¡buenos dias! estamos en la antigua guatemala, pero solo para una noche de este fin de semana. we’ve been in tabacal since last sunday. it is more or less what we imagined the physical conditions of the world race would be; so after six months of living in conditions that exceeded my expectations exponentially, the switch was a little tricky, but never fear, we’ve become quite learned in the art of transition.
it’s probably less hot here than it was when i was in lodwar, but it’s more humid out here; i sweat like my pores are the size of lunar craters. despite spraying on insect repellent multiple times (even the sweat resistant kind), i’ve become a reliable source of food for too many flying insects that are mostly the size of a punctuation mark. while helping pick beans with the family we’ve been serving, i learned the hard way how fire ants earned their name. speaking of which, after hiking up for an hour (crossing two creeks) and weaving through a corn field on a incline to pick beans (the bean plants wind around the stalks), then hiking back to the house to shuck the beans, i will never hate on beans ever again.
i finally get to make good use of my tent, which we set up and tear down inside a church. the tent is the once space where i am free of flying biting insects. i think if i could rewind and do something differently, i’d have bought a wider sleeping pad. and maybe i might sneak a two piece bathing suit so that i can wash my midsection; you see, our showers are with a faucet and an audience of wide-eyed young children who whisper to each other, “está bañando”. it’s harder to get at your belly when you wear the world race appropriate one-piece i learned. thank God for baby wipes.

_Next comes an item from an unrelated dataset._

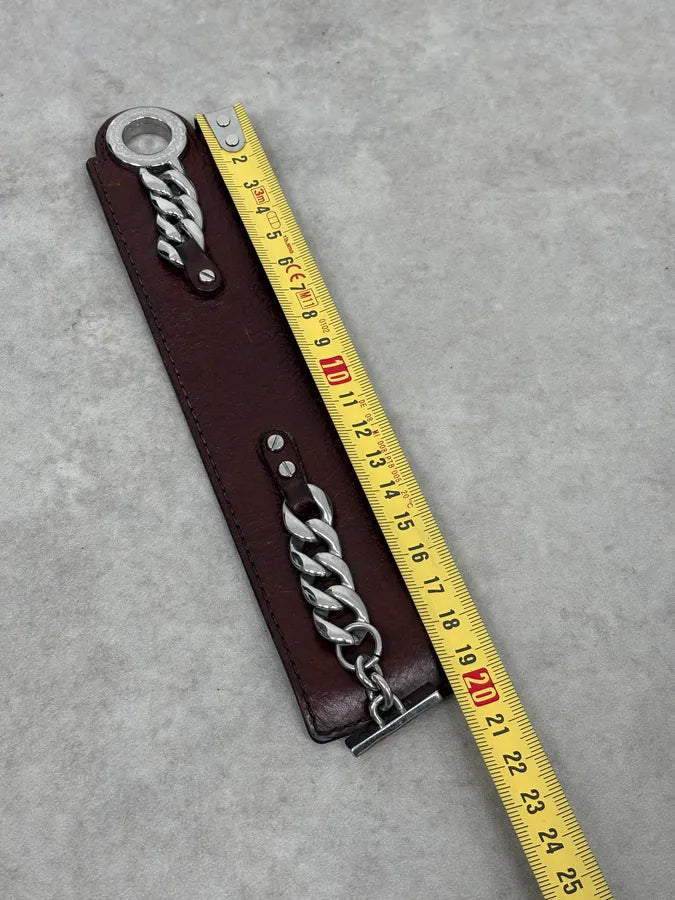 2000s Dolce & Gabbana Brown Leather Chain Bracelet zlUoEKi 9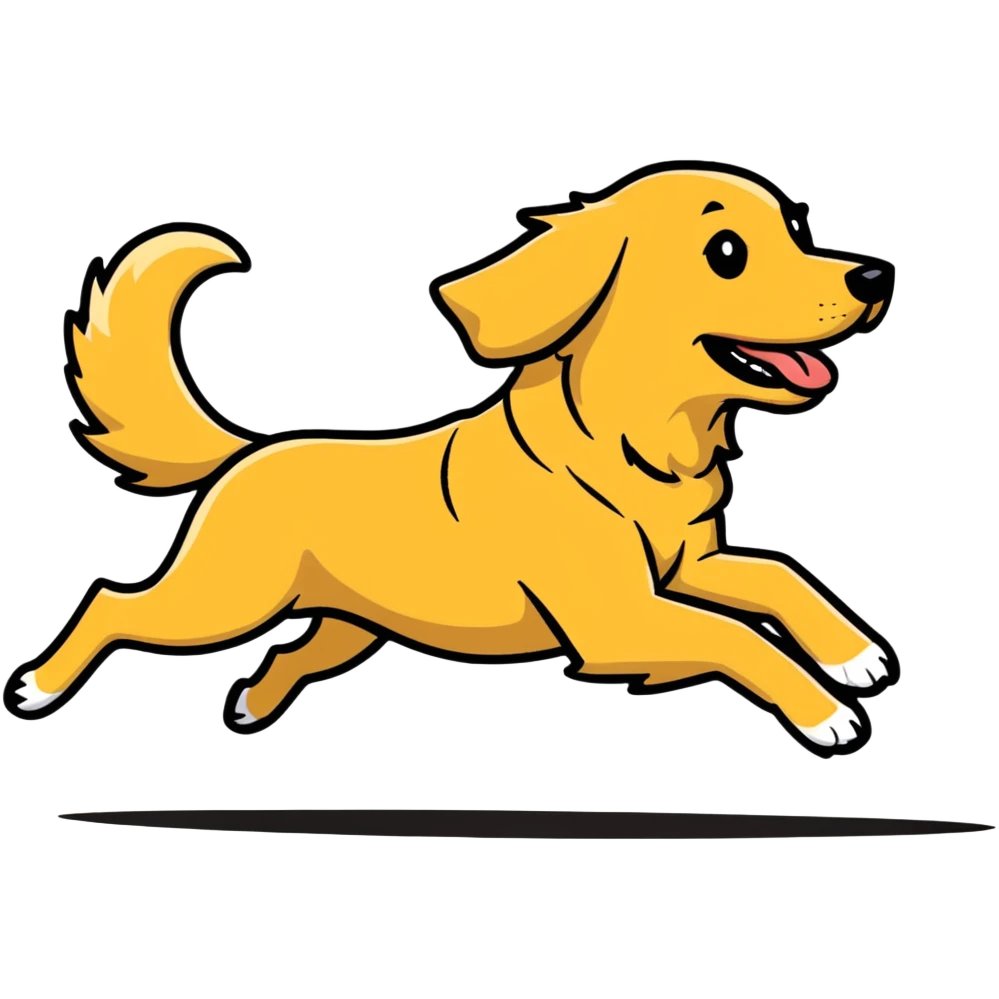 Golden retriever dog running at full speed emoji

and i’ve learned that your tent’s footprint serves a second purpose: as the “door” to a latrine. the one where we’re staying has one side uncovered, which i guess is just how they roll. but not me. it’s hard to take care of business thoroughly if it’s not done discreetly, you know what i mean? so if you’re camping out in a church that has a concrete floor (lucky!), one of y’all can offer your footprint as the fourth wall of an open-faced outhouse.
also, i’m not a chaco person (and haven’t converted), but they are better than flip-flops when walking up/down dirt hills after a rain. my teammates had hiking/tennis shoes made of gore-tex which kept their feet dry, even when being drenched by a hose while scrubbing rust off of metal beams. i wish i had those. what i don’t miss is a nalgene bottle. the one month i did use one was in lodwar, kenya and lucky for me, my then teammate neil had a spare one.